The Catalan case is entirely different. There may be serious political grievances
– some even legitimate – in Catalonia with what is perceived as Madrid’s
chauvinist attitude towards the region. And Madrid has certainly bungled its
response to Catalonia’s separatists. The images – especially the real ones – of riot police dragging grey-haired pensioners from polling stations
have mustered plenty of international sympathy for the separatist cause.

But Madrid has stayed well within the remit of international law and the
Spanish constitution. Its incompetence in public relations does not mean it is
wrong on the political question. It deserves international support against
the populist nationalism of the separatists. 

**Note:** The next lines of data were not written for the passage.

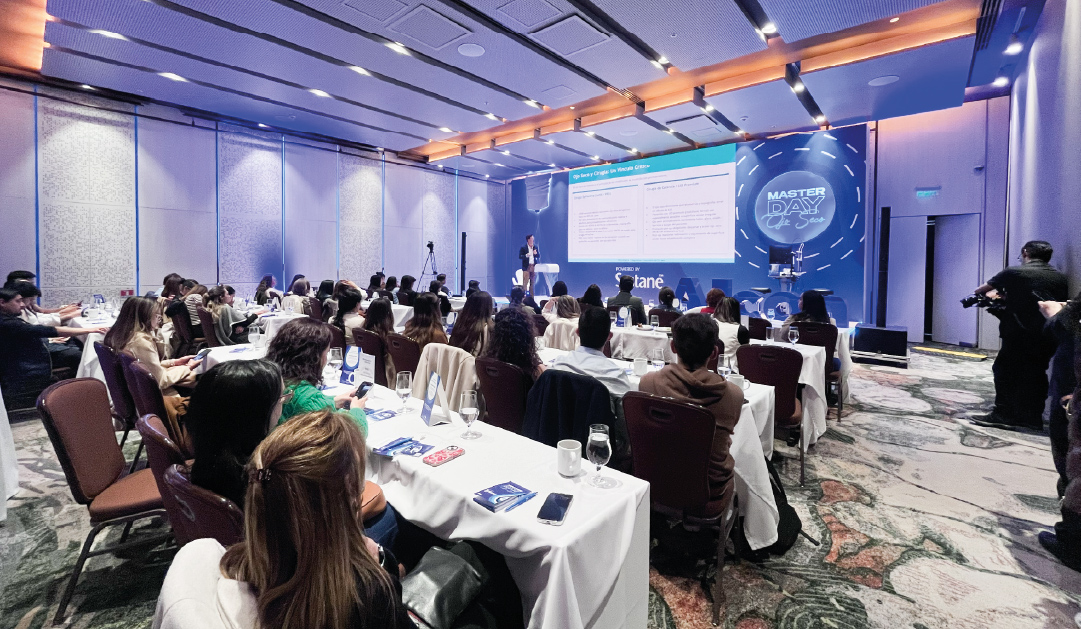 Audience seated at round tables watching a presenter on a lit stage with a large slide screen and a blue Master Day backdrop on the right side.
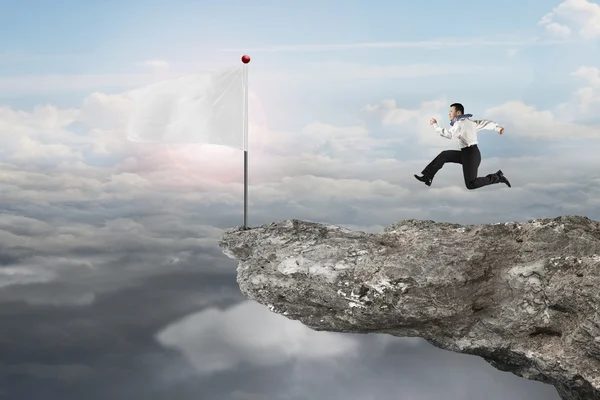 Man running to blank white flag on cliff with sunlight — Stock Photo, Image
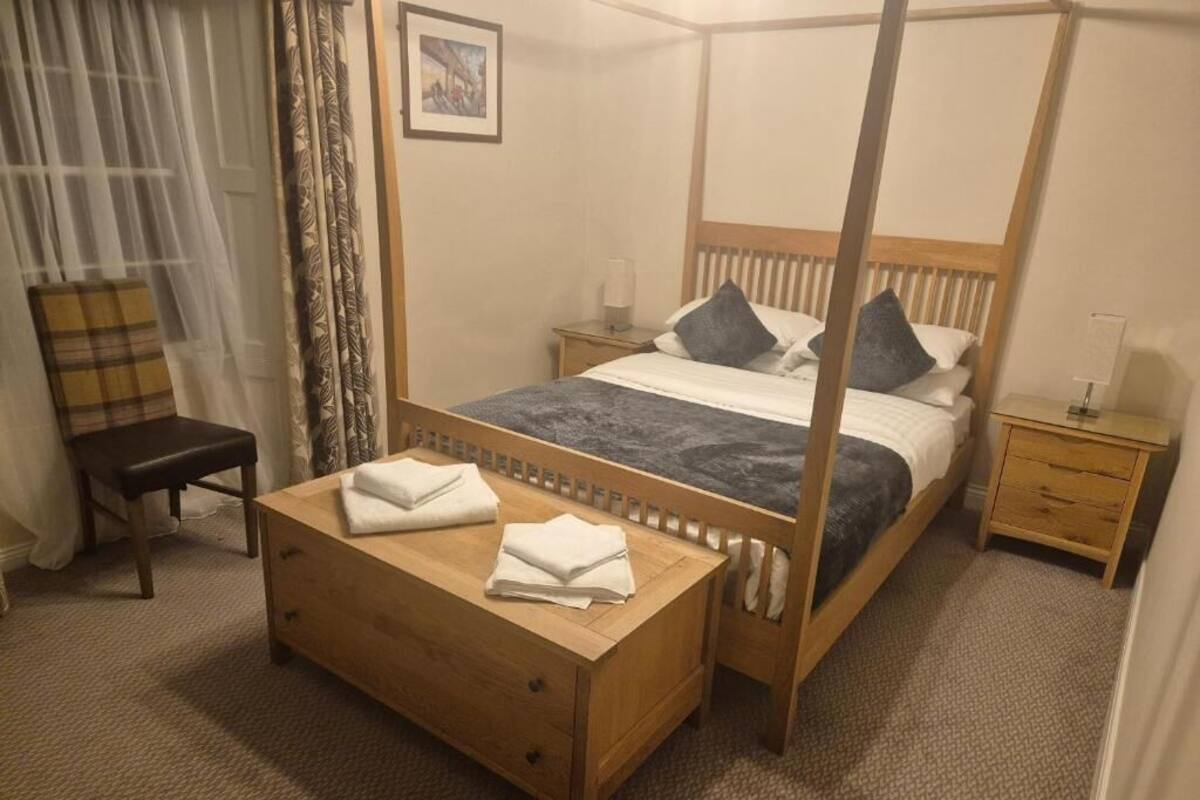 En säng med fyra stänger och en träram, ett sängbord med en lampa och en stol med en rutig kudde.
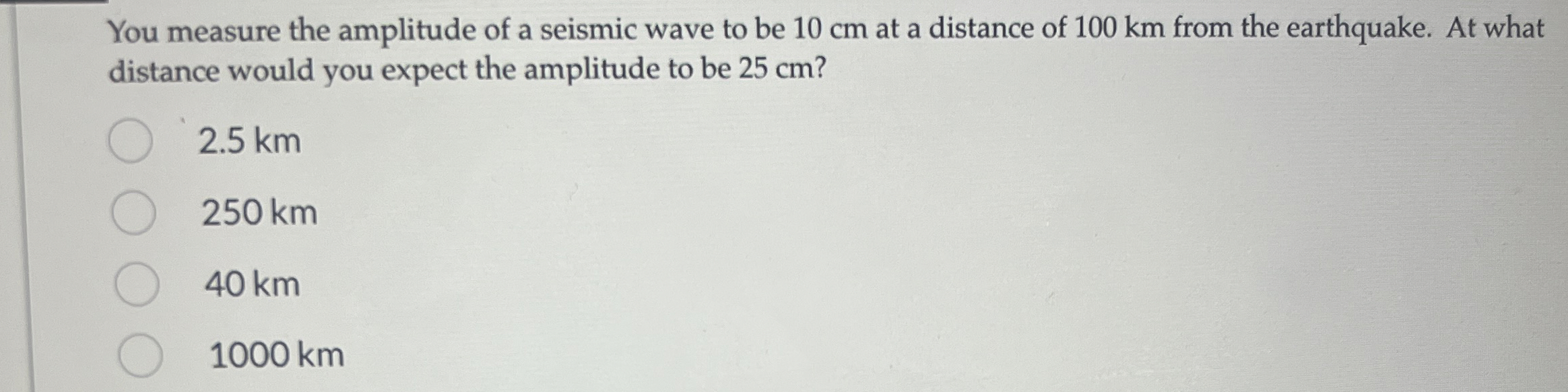 You measure the amplitude of a seismic wave to be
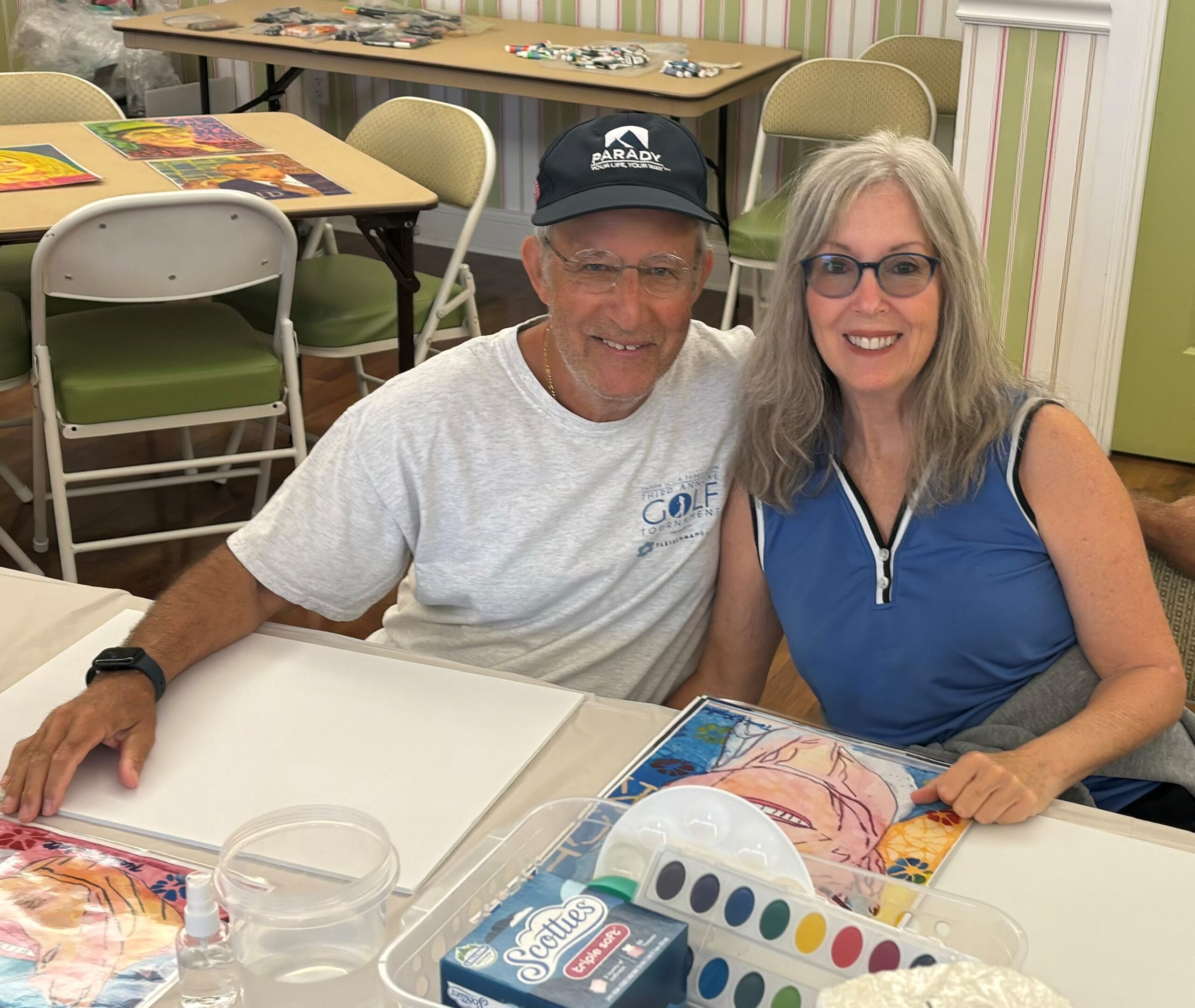 man and wife hug as they get ready to paint their portrait with instructor Neal Kimball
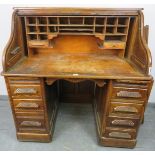 An Art Deco oak ‘S-type’ roll-top desk, with fitted interior, over two pedestals housing seven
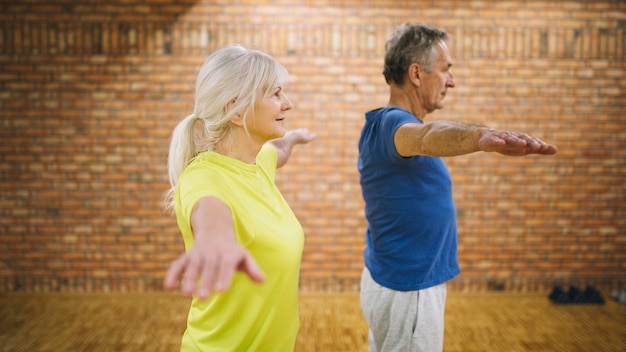 Free photo side view of elderly couple in gym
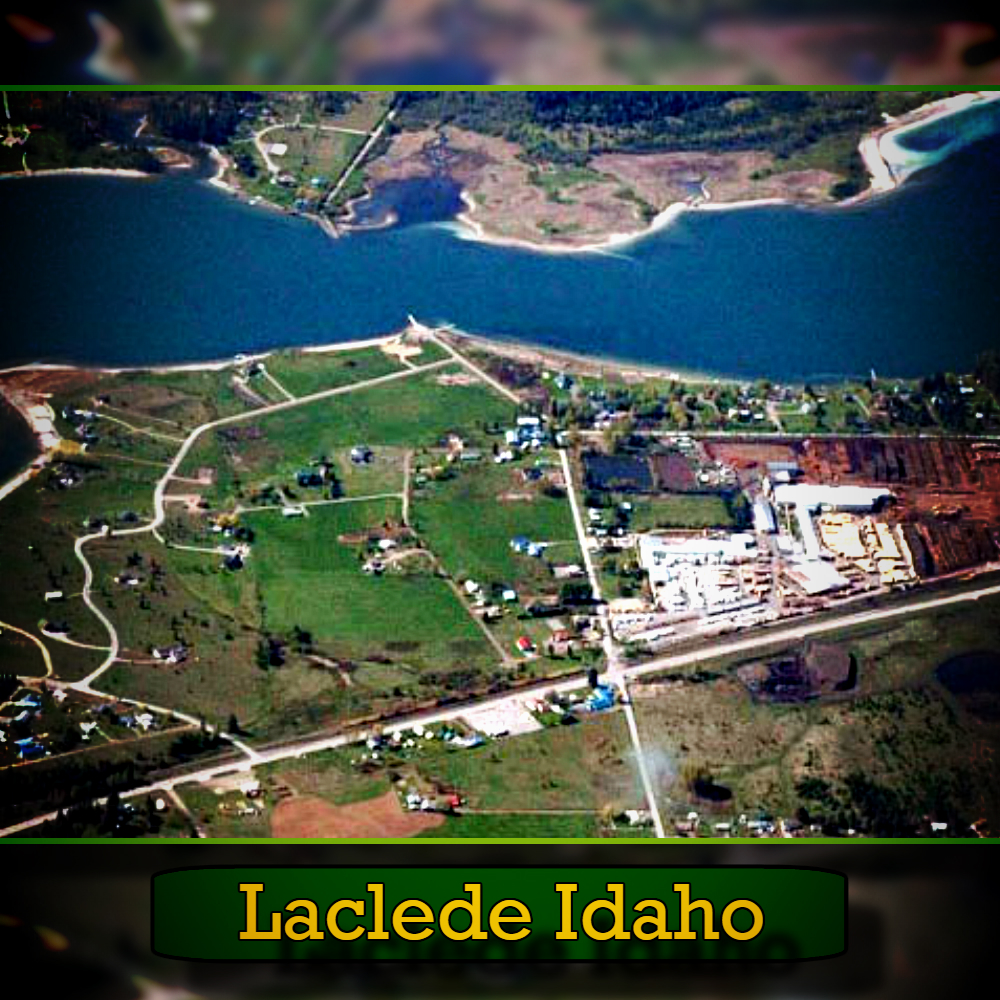 Aerial view of Laclede, Idaho, featuring a river, green fields, scattered buildings, and a tow truck on a country road. The name "Laclede Idaho" is at the bottom of the image.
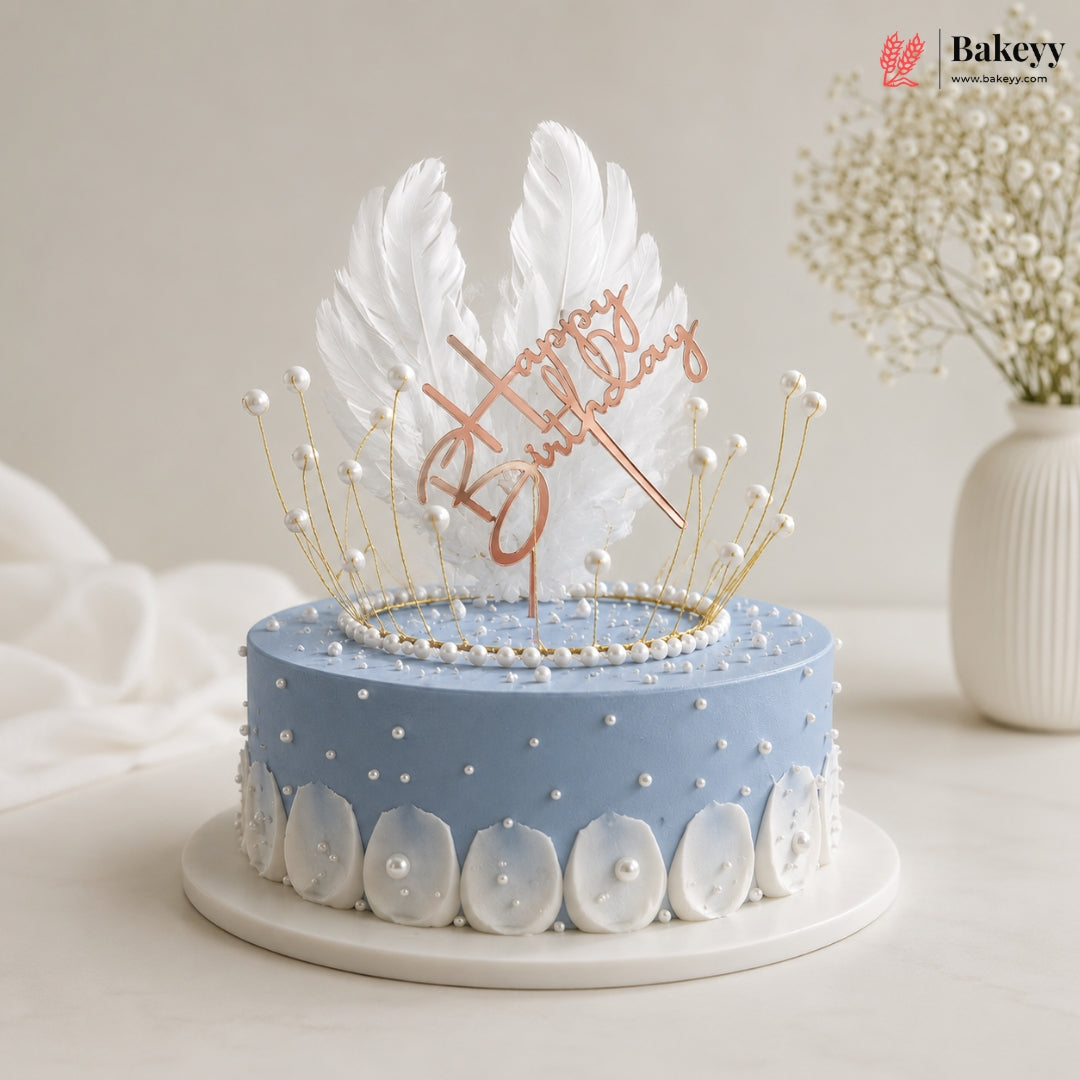 Decorative cake with feather topper and 'Happy Birthday' text on a light background
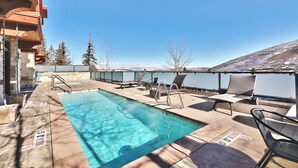 A pool area with lounge chairs and a view of mountains. - Managed by Park City Lodging-Hotel Room Ski-In/Out-Park City Mtn-Hot Tub/Pool (Park City)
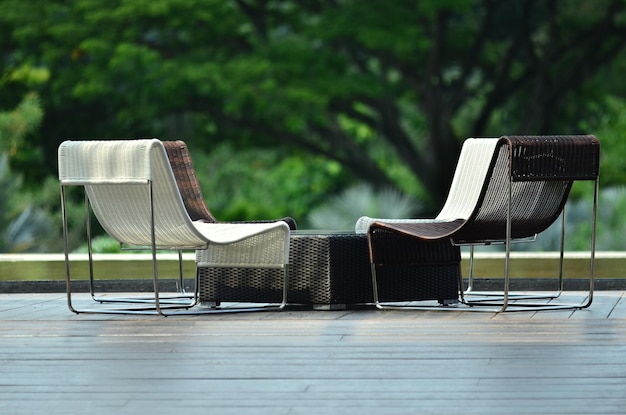 Photo empty deck chairs and table on boardwalk at park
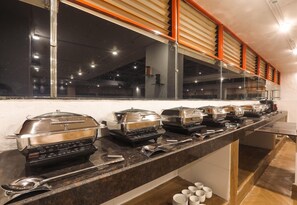 A buffet setup with multiple self-service stations, including hot and cold food options, and a variety of serving utensils. - IRA by Orchid Sambhajinagar (Chhatrapati Sambhajinagar)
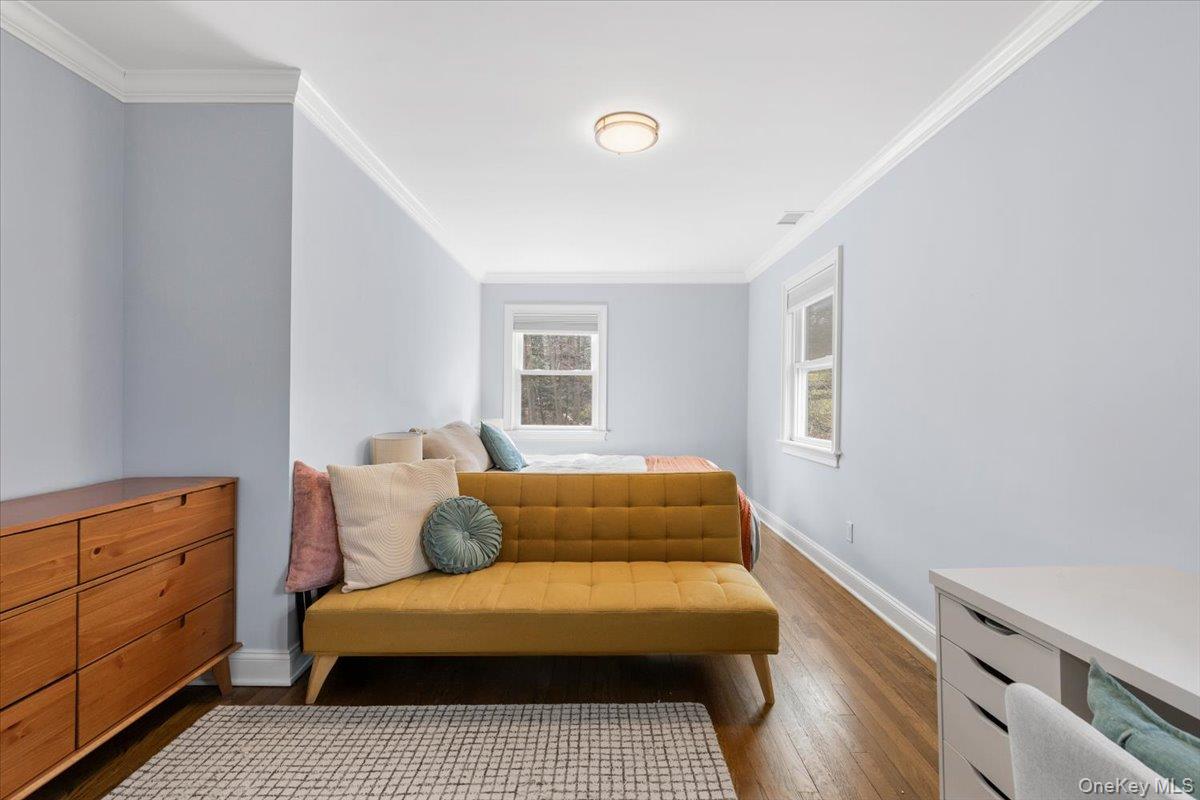 111 Spier Road Scarsdale, NY 10583 - Photo 25 of 37 a living room with furniture and a window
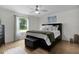Serene bedroom featuring a king-size bed, hardwood floors, and a large window at 1411 Juarez Pl, The Villages, FL 32159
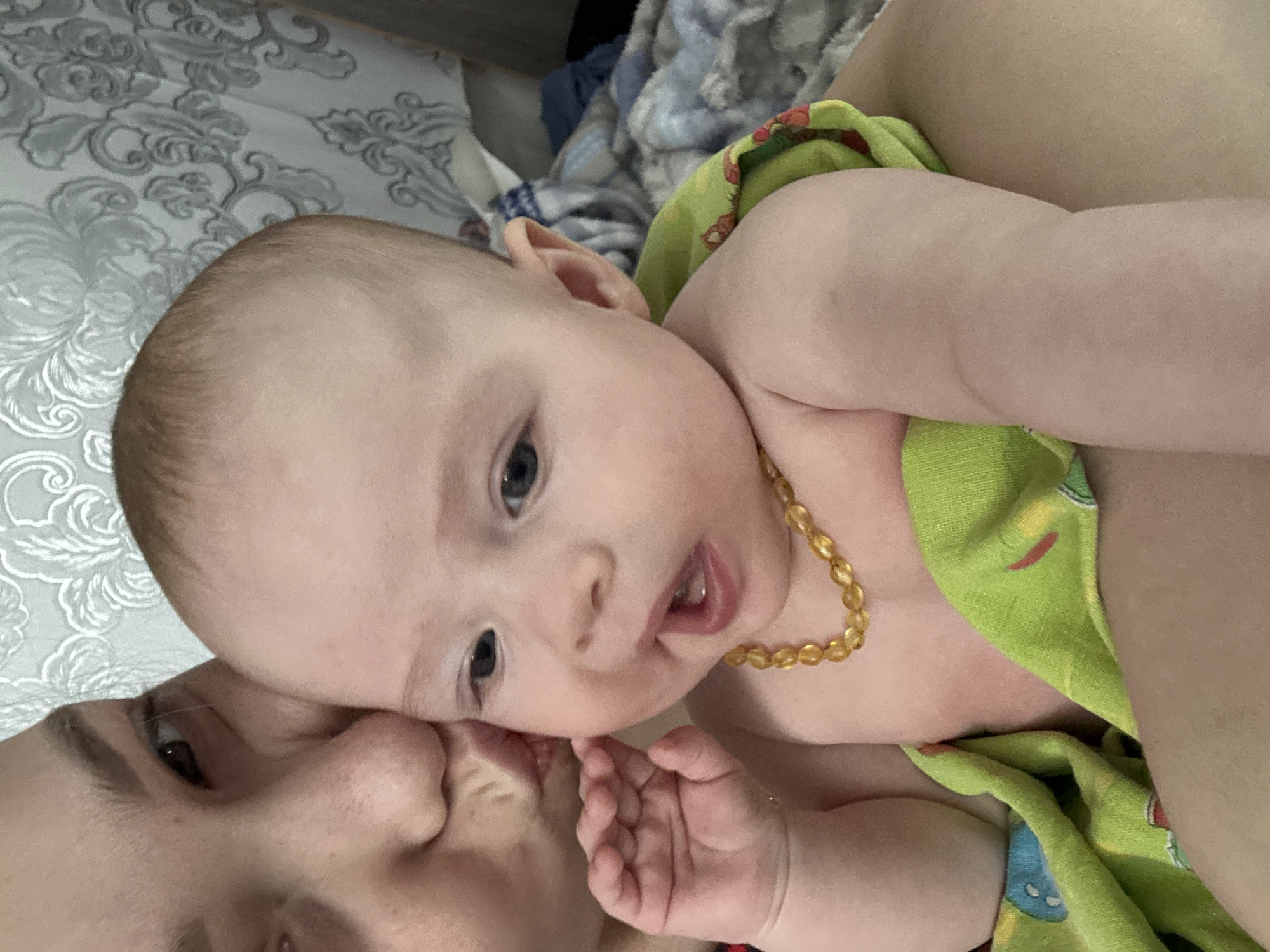 A baby with an amber teething necklace lies on a bed with patterned bedding, partially wrapped in a green patterned blanket. A woman's face is close to the baby, appearing to kiss the baby's cheek. The location is Кемуль, Russia.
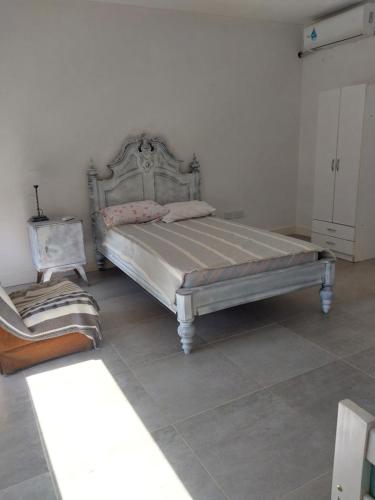 1 dormitorio con 1 cama y 1 silla en Casa en el Centro 3 ambientes en Gualeguaychú
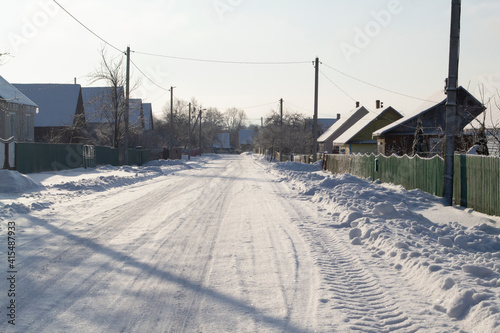 Winter rural road and trees in snow in Belarus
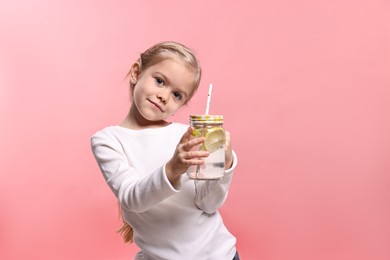 Photo of Girl with mason jar of lemonade on pink background. Refreshing drink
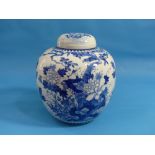 A Chinese blue and white porcelain Ginger Jar and Cover, painted with bird, butterflies and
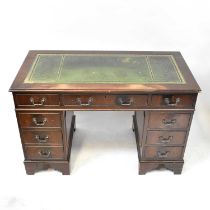 A modern reproduction pedestal desk, the inset green leather top over three small drawers, on two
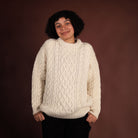 Person wearing a cream cable knit sweater against a brown background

And the international community does support it. No state has expressed
support for Catalonia’s separatists or even hinted that recognition is a
possibility. The South Ossetian de facto foreign minister did show up in
Catalonia and offer to recognise its independence if Catalonia recognised South
Ossetia. But this would only underscore Catalonia’s feeble case for
independence given that South Ossetia has been recognised by a grand total of
four states and is effectively annexed by Russia.

Even Russia, which has stoked separatist fires in Catalonia through its propaganda, says that it will not recognize Catalan independence.
The lack of recognition means that Catalonia’s declaration of independence will
remain worth little more than the paper it was written on. It is exactly because Madrid is in the right on
Catalonia that it should recognize Kosovo’s independence.

Democracy and morality

It is exactly because Madrid is in the right on Catalonia that it should
recognize Kosovo’s independence. In taking such a bold step, Spain would
demonstrate that it has an overwhelmingly strong case for retaining Catalonia. It
would send the message that it supports the legitimate aspirations of oppressed
peoples and takes seriously its commitment to universal human rights. And it
would show that its opposition to Catalonian independence is based on democracy
and morality, not on foolish consistency and a lawyerly reading of the Spanish
constitution.

Of course, Spanish recognition of Kosovo is not going to happen any time
soon. The political dynamics in Spain make such a move highly unlikely. If
anything, the Catalan crisis has only hardened Madrid’s stance towards Kosovo. But
as the crisis deepens, Madrid would do well to think less of foolish consistency
and law, and more of morality and politics.